Alice: she is cured! no longer has a drink, no longer has any unallowed sex with the grocer

So why had I no heart?  Yesterday a group of people who have come to be known as the Occupy Movement tried to occupy a large vacant building in Oakland, Ohio. They were beaten, gassed, harassed, and finally arrested.  No one arrests any of the bankers who brought this depression the US; no one tries to put in prison any of the banks illegally foreclosing on people. The Occupiers had been thrown out of their original place and they were unusually frank on DemocracyNow.org.  The lack of any place to be together, to organize from a place, to live and work is hurting the movement centrally.  Many are homeless and it's freezing and they are all alone. When they are together in a space, they can provide kitchens, bathrooms, food, a library, places to help one another when sick. The space was a vacant gov't building. The homeless population across California is so high there are streets and streets of such people.

The overt profound inhumanity and brutality of the scenes, the obdurate refusal to allow these people any minimal comfort and of course the use of violence and prisons to stop the socialist movement from going forward is central to the US way of life today and has been since the 1930s. The Occupiers are now being called "terrorists." This is the first step in putting them away in solitary confinement. The US prison system is privately owned and will love this.

Yesterday in Syvia, Assad and his government carried on slaughtering people. The gov't soldiers are murdering whole families now; any one demonstrating is of course immediate fodder. US foreign policy gives the Syvia gov't thousands & thousands (millions if you look acros a decade).  The UN head gave a speech protesting and saying how terrible all this is. A woman interviewed on Democracynow.org commented bitterly he has been giving this speech all year and doing absolutely nothing to stop the murder of the people of Syria trying to change their gov't so they can have some access to the natural resources, and makes a society where they could have jobs and schools and a decent life is made the central way of stopping this.  This kind of open killing was not what was used in South and Latin America.

I have a book for you to read my fiend: The Intimate Papers of Colonel Bogus by Michael Barsley. It is about Ritzkrieg, the upper class life that went on in hotels during WW2. It will explain the connections between the funding of such a series as Downton Abbey, what happened in Oakland, Syria yesterday.
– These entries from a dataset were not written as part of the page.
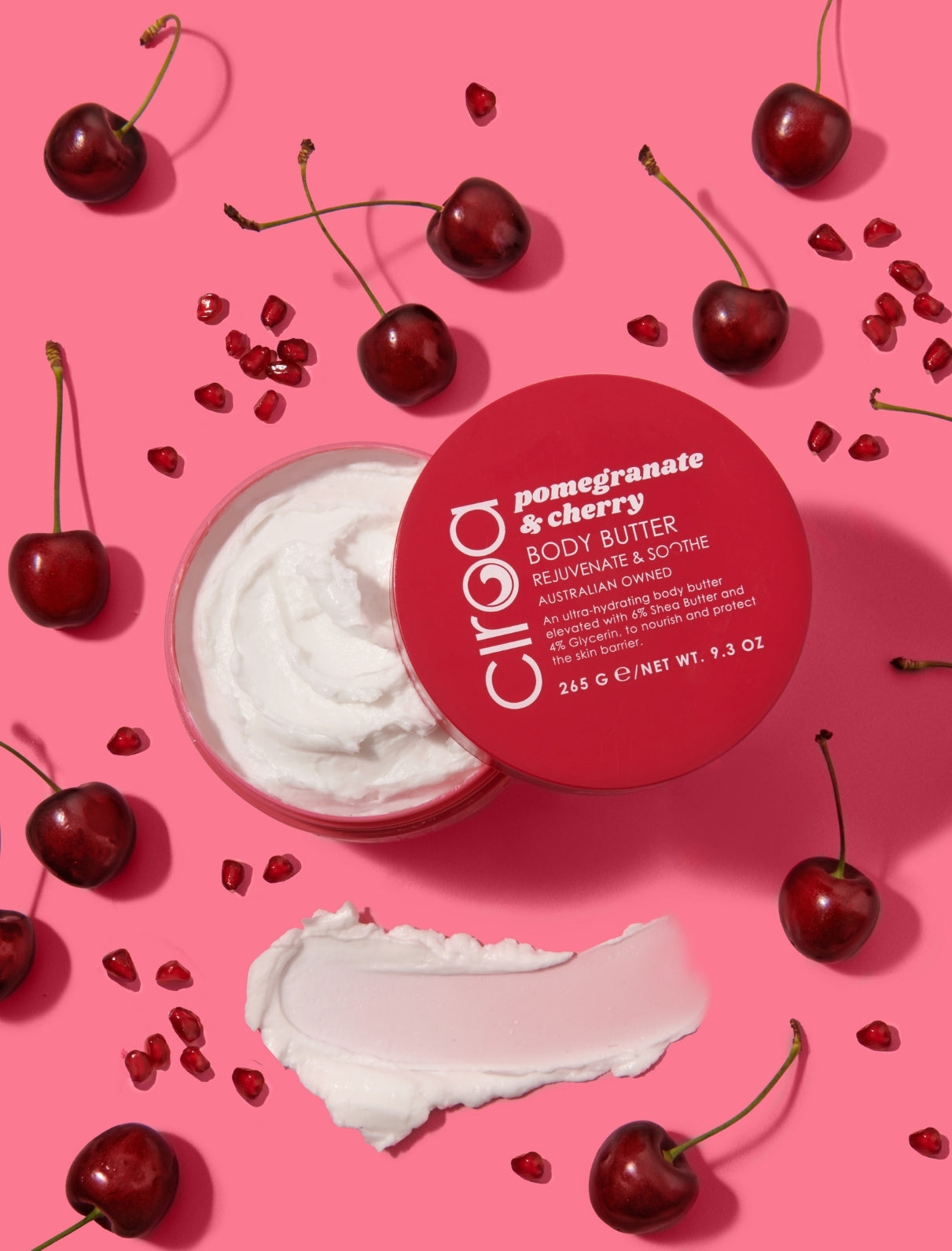 Ciroa Beauty Pomegranate & Cherry Body Butter 265g - Rejuvenates & Soothes
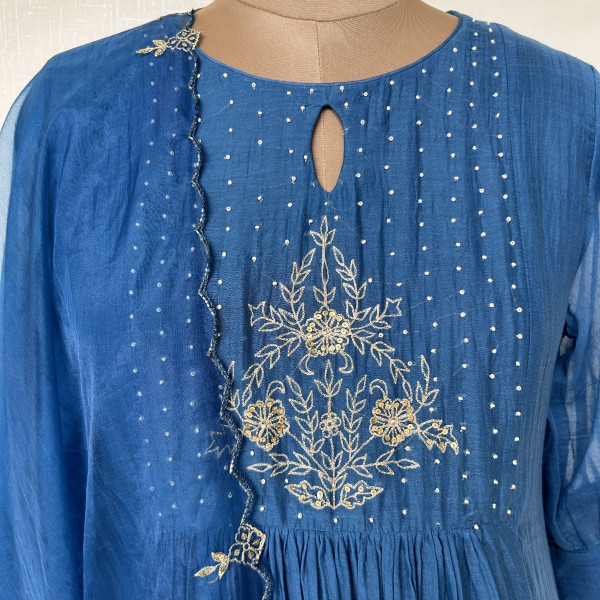 Dark Blue Mul Chanderi Hand-embroidered Kurta Set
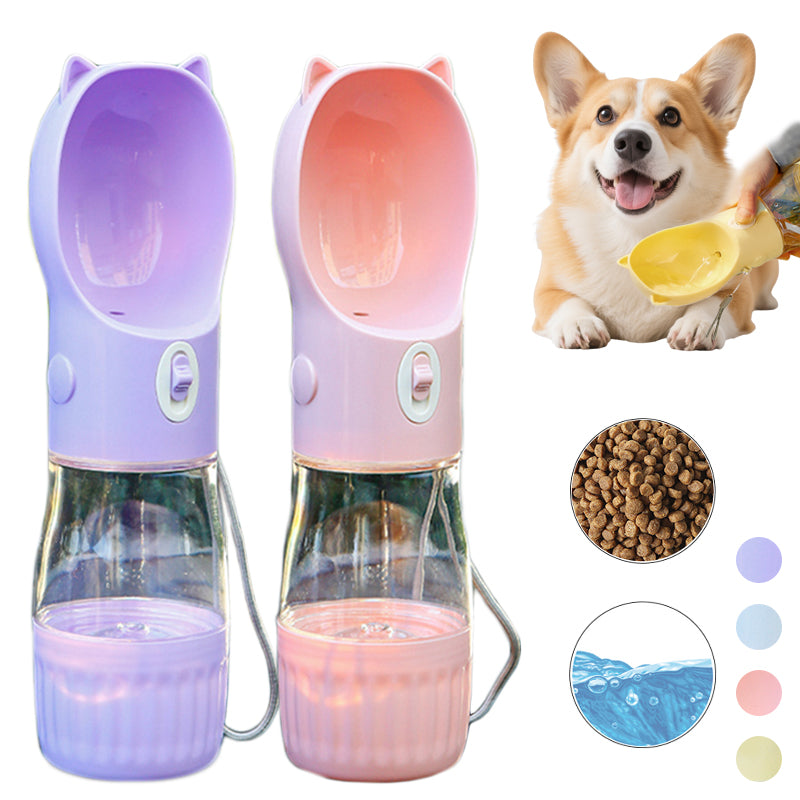 Reise-Trinkflasche mit Futterbox für Hunde – alles in einem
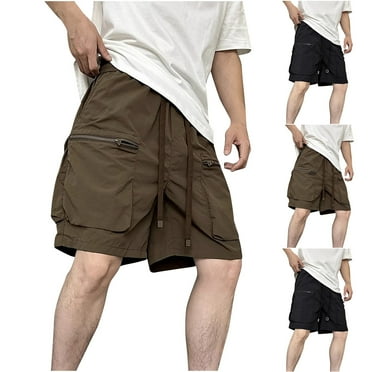 Holiday Deals 2024! Itsun Men Cargo Shorts,Men's Casual Solid Color Drawstring Pockets Elastic Loose Sports Shorts Coffee 3XL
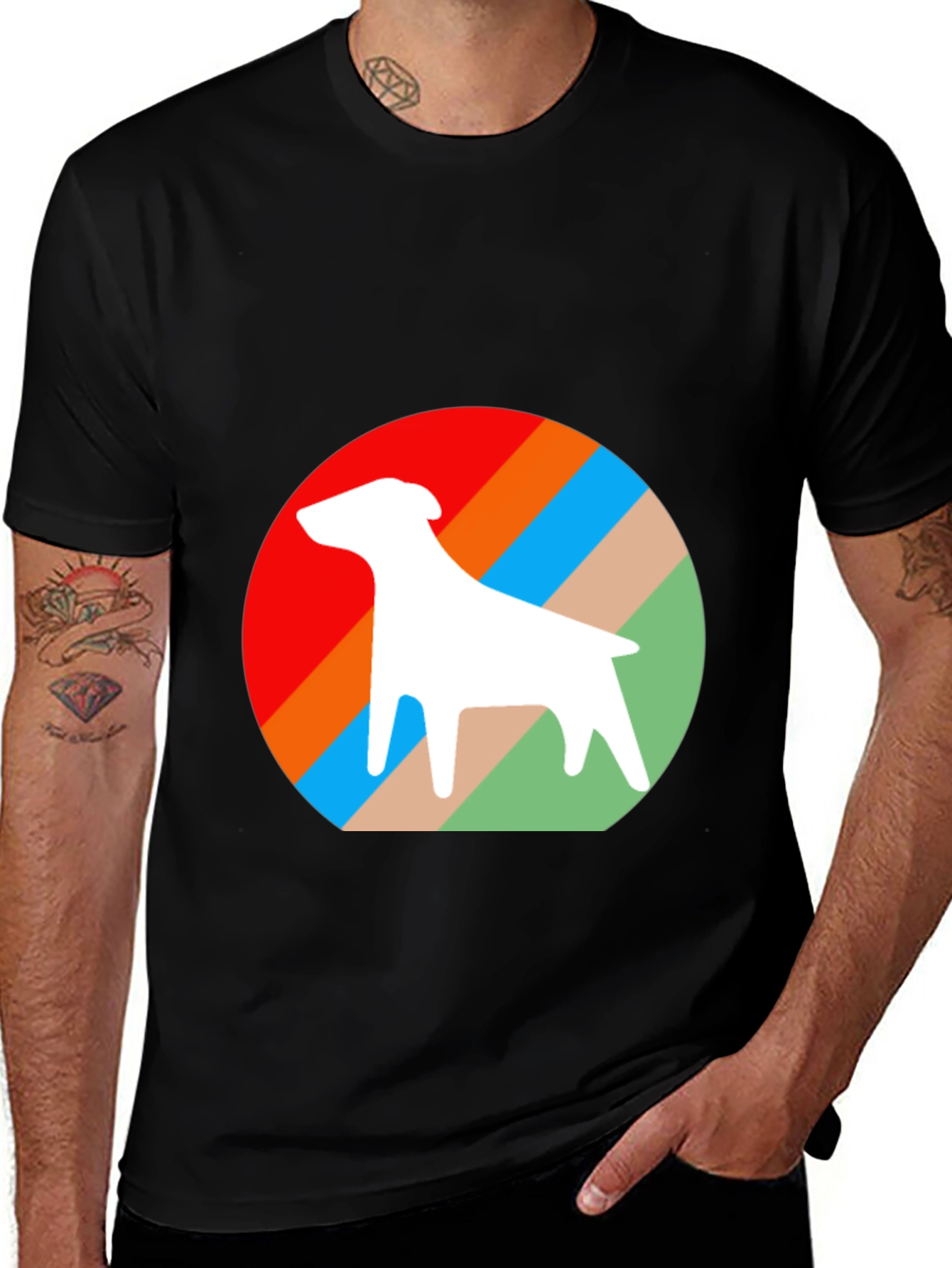 Retro Dog Graphic Tee - Stylish Black Cotton T-Shirt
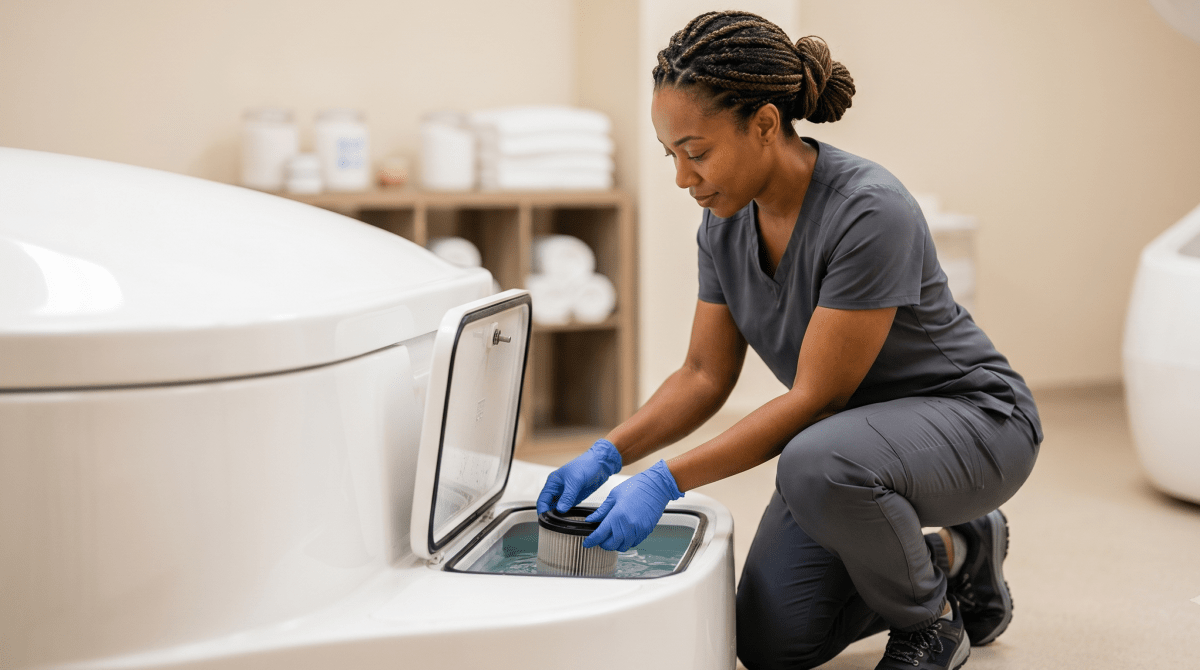 Float tank spa owner preparing a sensory deprivation tank for a session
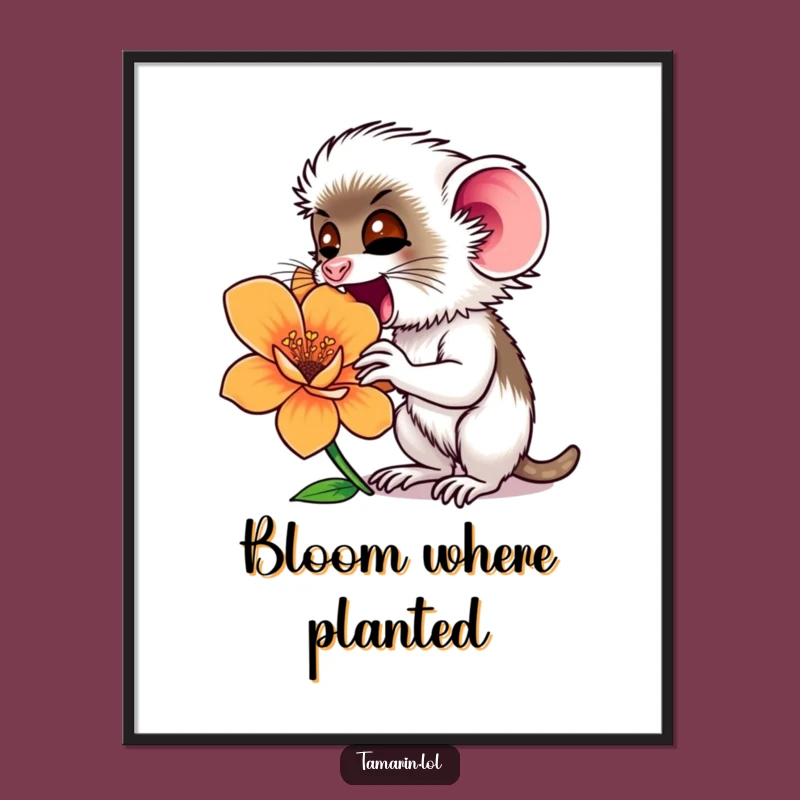 Funny Tamarin Flower Sniffing Poster: Curious Nature Art Print, Gift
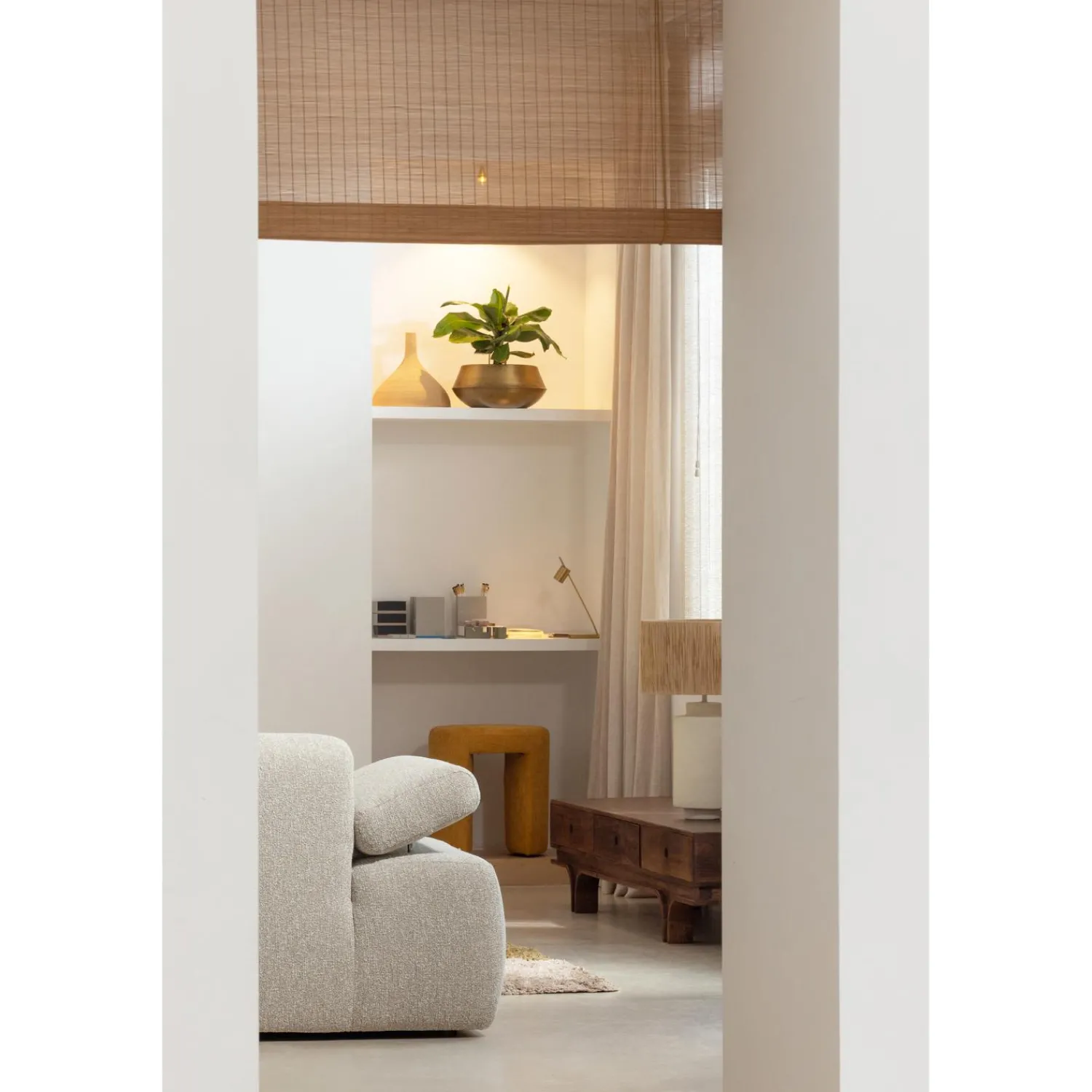 Hot WOOOD Mojo chaise longue element rechts bouclé Beige melange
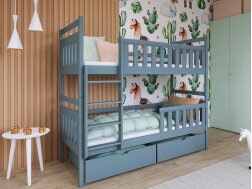 Dviaukštė vaikiška lova su stalčiais MONIKA 80x180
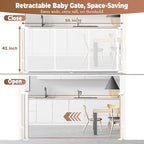 55" Retractable Baby Gate Extra Wide, 41" Tall Retractable Dog Gate for Stairs, Doorways, Decks, Mesh Gate Long Child Gate Pet Gate for Indoor, Outdoor, with Reinforced Mesh Rods, Dual Locks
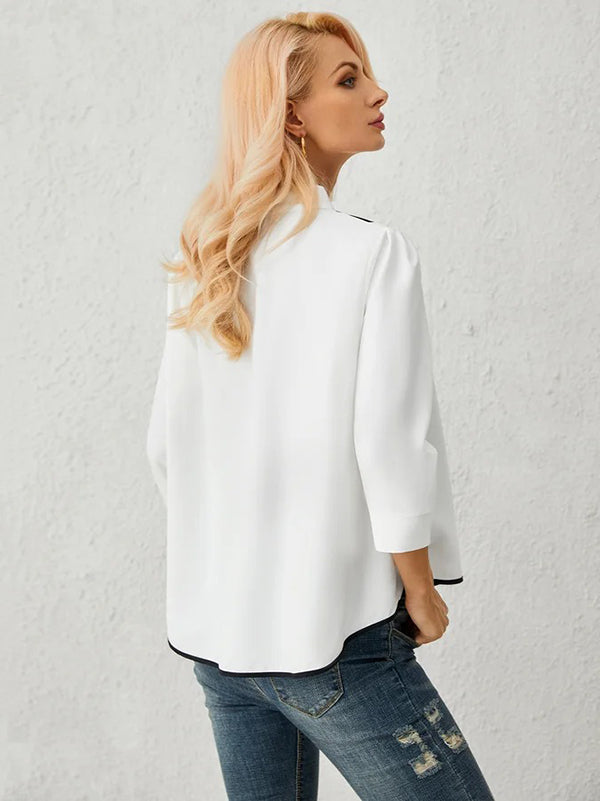 xakxx Casual Three-Quarter Sleeves Figure Buttoned Printed Stand Collar Blouses&Shirts Tops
My English mother-in-law, born in 1911, died in 2004, was a "lower governess" in a great house when she was about 15. So 1926 or so. She told me many a real story: it was a gruel, a grind, work from 5 to 11 and constant surveillance ("in service" is the right term). You made almost no money quite literally.  The class system was mean and tough.  She quit after a year and one half -- as did many young women after WW1 who could find something else for the first time. Woolworth's, 5 and 1/2 days a week, long hours, low pay was a blessed escape with real money in com.  Some means to buy some enjoyments she might like, a book, some time somewhere she might go where she liked.  Which she never had in the great house; it was not her space any of it. We do hear a tiny bit of that when Gwen says that's my typewriter. Mrs Hughes says the space is not yours, none of it. The bed Gwen sleeps on is hers by sufferance.

She did not go into an office, competition was fierce and connections mattered.  If we are to believe Gwen got that job, it was not that she persuaded the man, but that Lady Sybil put pressure on the man. That's NOT the way it is shown in that film. Instead my mother-in-law ended up in Woolworth's and she fervently used the world "independence." She did not go into a factory which is often compared to the great house as better. Was it?  My mother-in-law was "declined gentry" and had passed the 11+ in school. she still could not go on past the age of 13 but she could educate small children to read, write, do arithmetic, and in deportment.

She came near a nervous breakdown from her time in Downton Abbey, for as to sexual repression, it was not as strong as the program makes out - or not in the way the program shows, not for the lower orders. Surreptious was the name of the game. The upper class male was free to harass the woman (as we see in Altman's Gosford Park), the master to take women. The atmosphere was fraught with anxiety and fear for women, for if caught and impregnated, she was indeed thrown out and shamed. Men were chased too, but they kept a certain dignity as males. Homosexuals?  Left to do mischief? are you kidding?  blackmail was rife and they were the most hidden of all.

No treachery. As to lady's maids, their power base was their mistress and they would no more dare to hurt her than they would the heart at the center of their bodies.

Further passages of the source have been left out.